## Problem details
When copying the listing below, skip every picture and repeat exactly the lines from the first one through the line that contains "2112 Alta Vista Dr — Photo 11".

## Source data
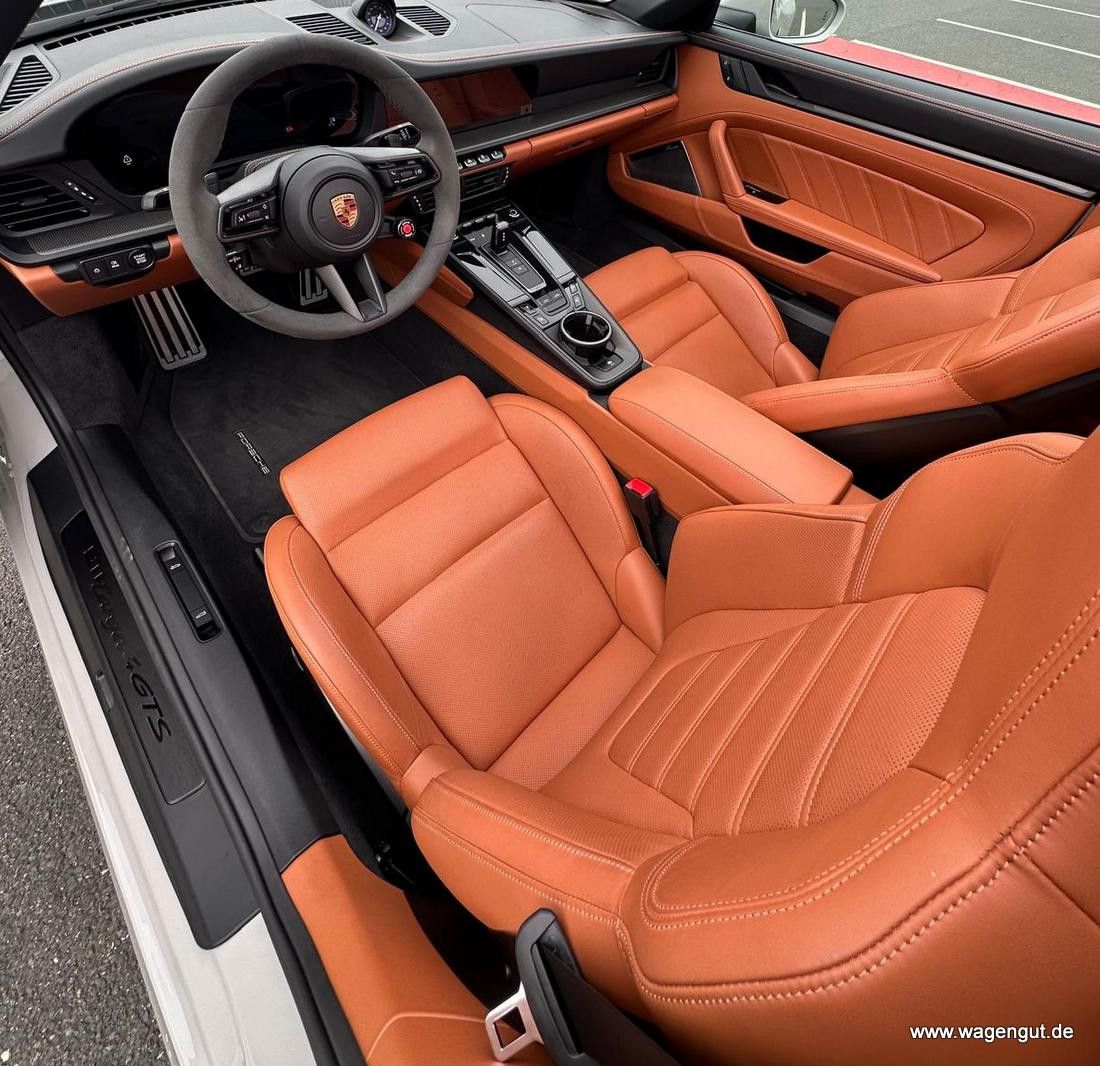Porsche 911 Targa 4 GTS BURMESTER*CARBON*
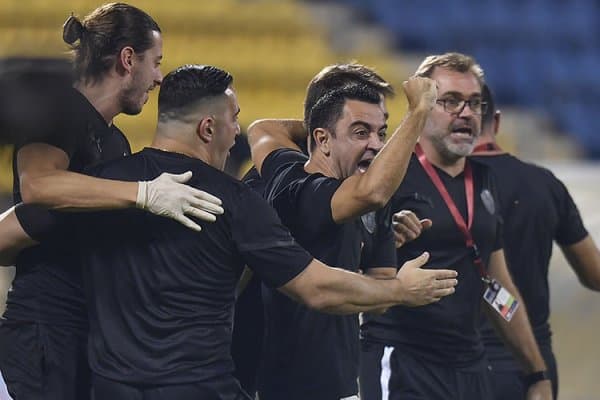 Хави энг зўр футболчи кимлигини ва уни “Барса”да кўришни орзу қилишини айтди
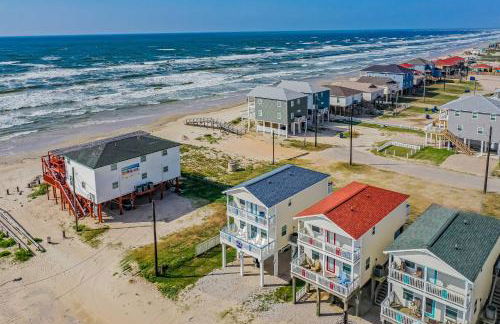 Walk to Shore and Eats Surfside Beach Gem with Deck - Photo 39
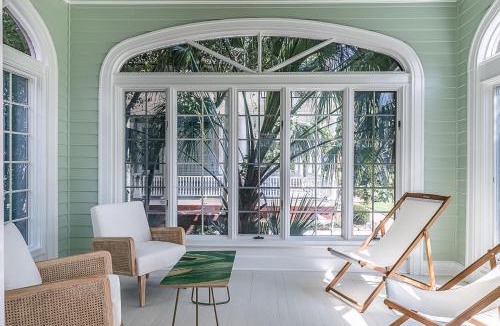 Historic District House | Historic Home Overlooking the Beaufort River Located on Bay St - Sleeps 10
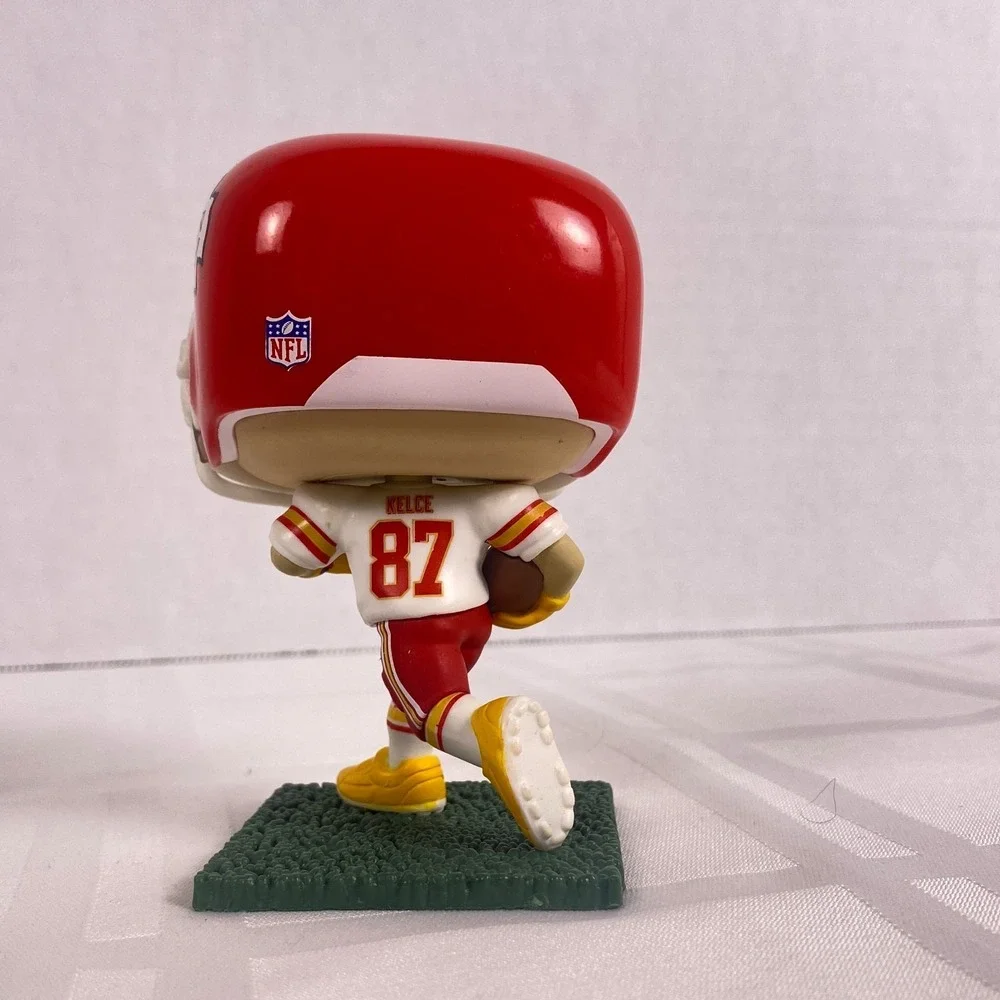 Funko Pop! NFL Travis Kelce w/ Swiftie Friendship Bracelet #257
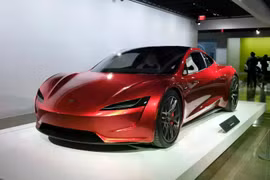 Lộ ngày ra mắt của Tesla Roadster thế hệ mới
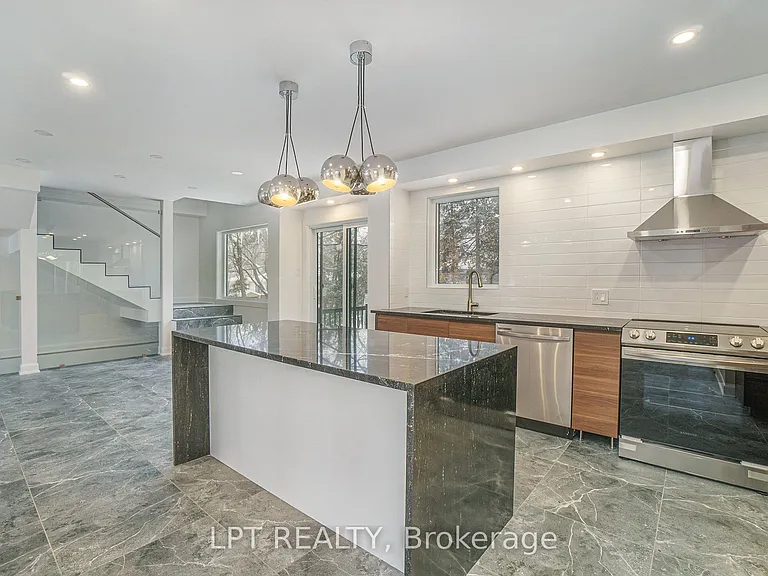 2112 Alta Vista Dr — Photo 11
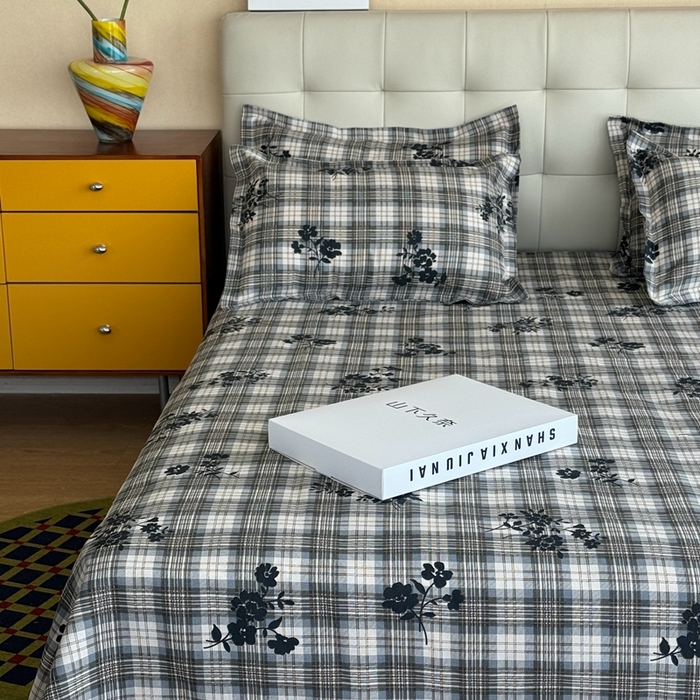 91家纺网 家纺一手货源 找家纺 2025新款老粗布系列单品套件 鸢尾格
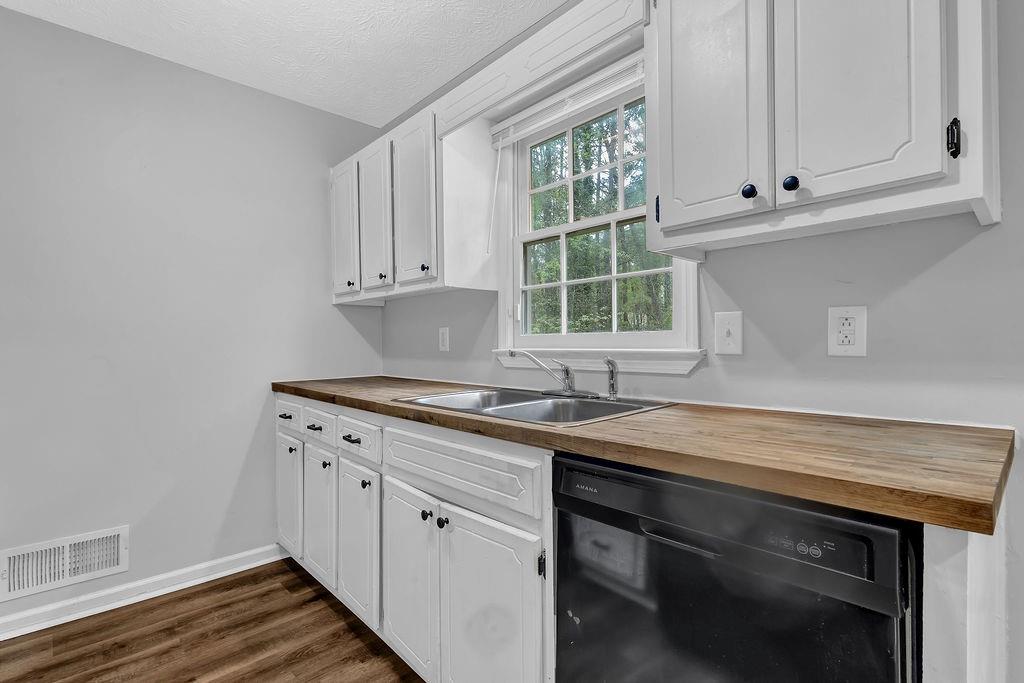 570 Bell Road, Conyers, Georgia image 11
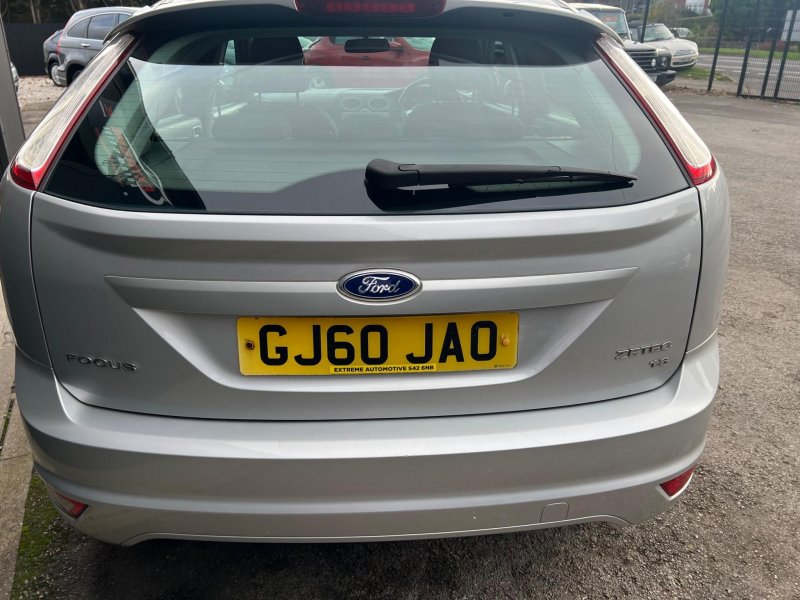 FORD FOCUS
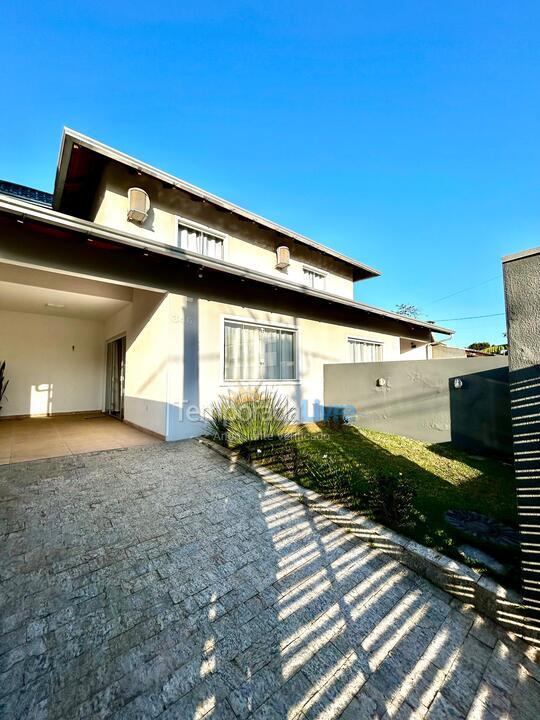 House for vacation rental in Bombinhas (Canto Grande)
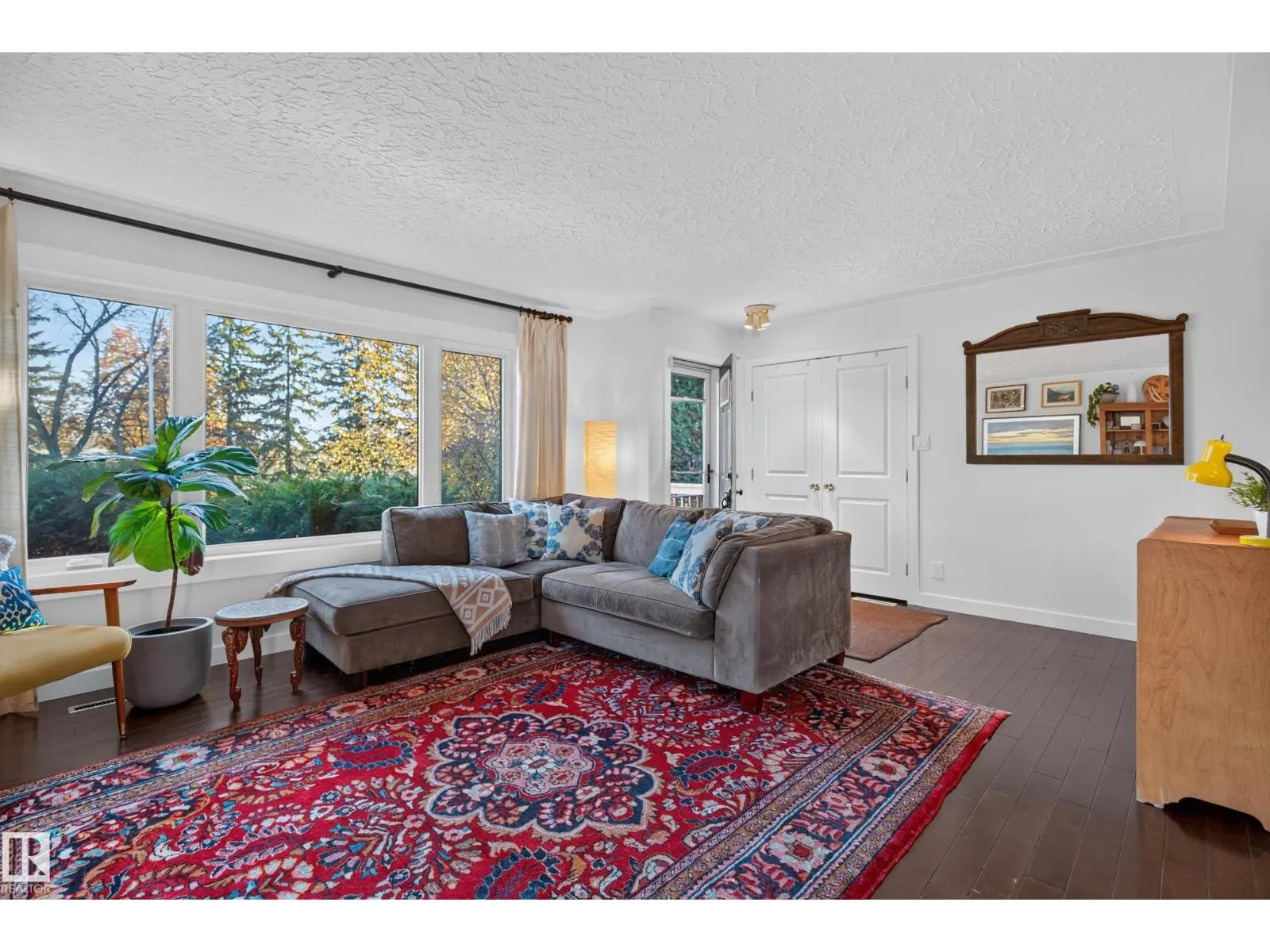 7704 102 AV NW NW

## Answer
Porsche 911 Targa 4 GTS BURMESTER*CARBON*
 Хави энг зўр футболчи кимлигини ва уни “Барса”да кўришни орзу қилишини айтди
 Walk to Shore and Eats Surfside Beach Gem with Deck - Photo 39
 Historic District House | Historic Home Overlooking the Beaufort River Located on Bay St - Sleeps 10
 Funko Pop! NFL Travis Kelce w/ Swiftie Friendship Bracelet #257
 Lộ ngày ra mắt của Tesla Roadster thế hệ mới
 2112 Alta Vista Dr — Photo 11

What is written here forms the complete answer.